Looks like a good time out there, Congrats!!!!


----------



## Ocean Master (May 20, 2008)

That's the way to do it..!!


----------



## afogg (Dec 11, 2011)

Nice Haul, i miss shooting over there


----------



## Last Drop (Oct 3, 2007)

Sweet video and nice haul!!


----------



## kandv2000 (May 10, 2012)

Great Time!


----------



## devinsdad (Mar 31, 2010)

Awesome video and some very clear water. How far did you guys have to run to get to that color?


----------



## MillerTime (Jul 6, 2011)

Sweet video. Looks like an awesome day.


----------



## Cape_Horn_24 (Feb 8, 2010)

Hey thanks guys for the comments! We were about 60 miles out, the water is so clear out there and in the video you can't really tell but the towered is absolutly covered with life its like being in a giant aquarium!!


----------



## Gamefish27 (Nov 13, 2009)

rock on...


----------



## KingMackKiller (May 17, 2012)

Nice Video!


----------



## lobsterman (Sep 30, 2007)

Good job Chris and the gang.


----------



## Christo' (May 19, 2012)

Dude, that video rocks. It couldn't have been mixed down any better. That took some time. Awesome.


----------



## buckeye83 (Nov 19, 2008)

Awesome video!
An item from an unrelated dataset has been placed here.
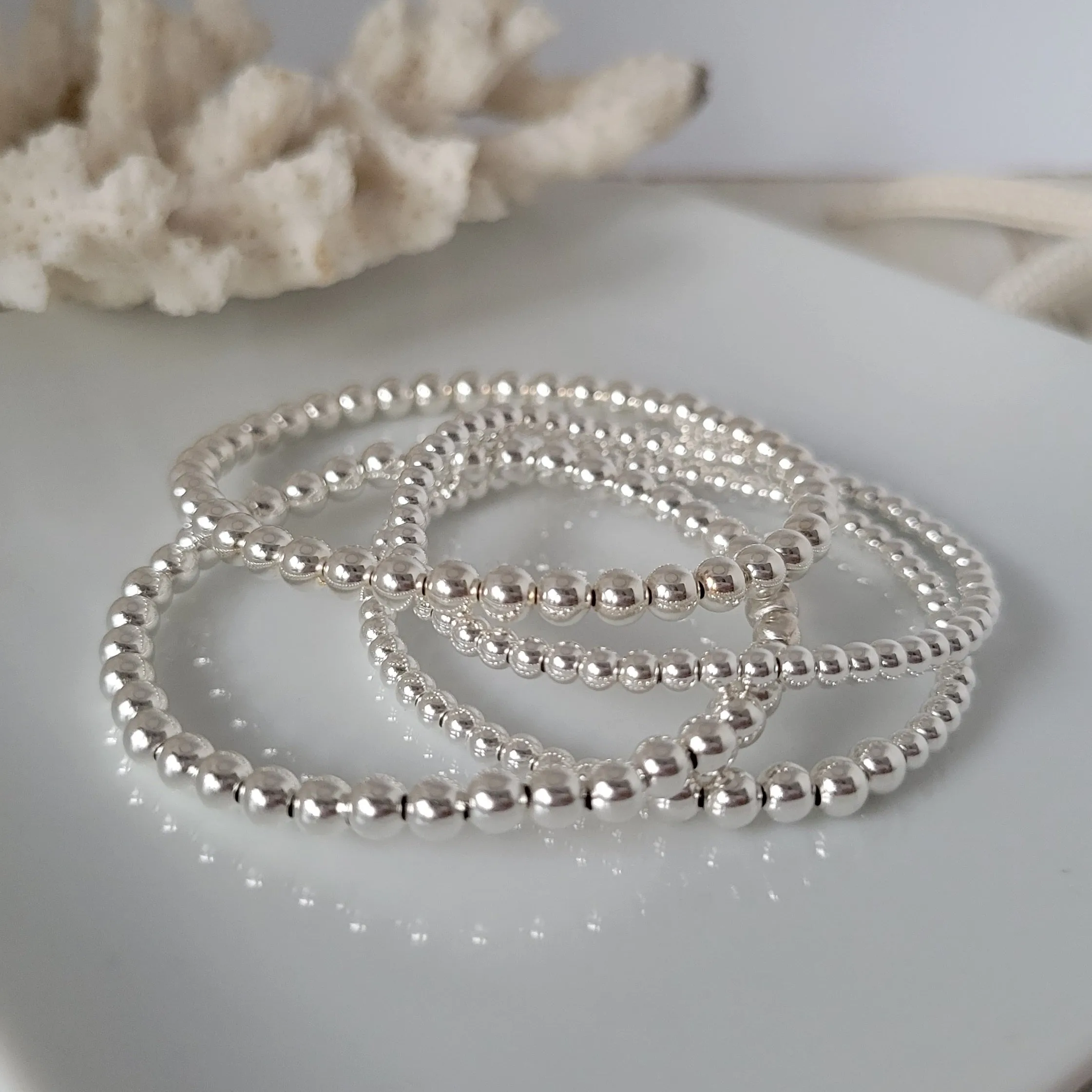 Sterling Silver Beaded Layering Bracelet - 3mm, 4mm, 5mm, 6mm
How deep were you diving?


----------



## DAWGONIT (Jan 16, 2009)

Those are some GOOD eats there!


----------



## Cape_Horn_24 (Feb 8, 2010)

Thanks for all the compliments fellas, the mangroves were about 50 feet down and the cobia were right on top of the water they would basically swim up as soon as someone jumped in. The last cobia of the day, the one the guy in the blue is picking up was caught on the bottom at 120 feet, also the biggest fish at 45#


----------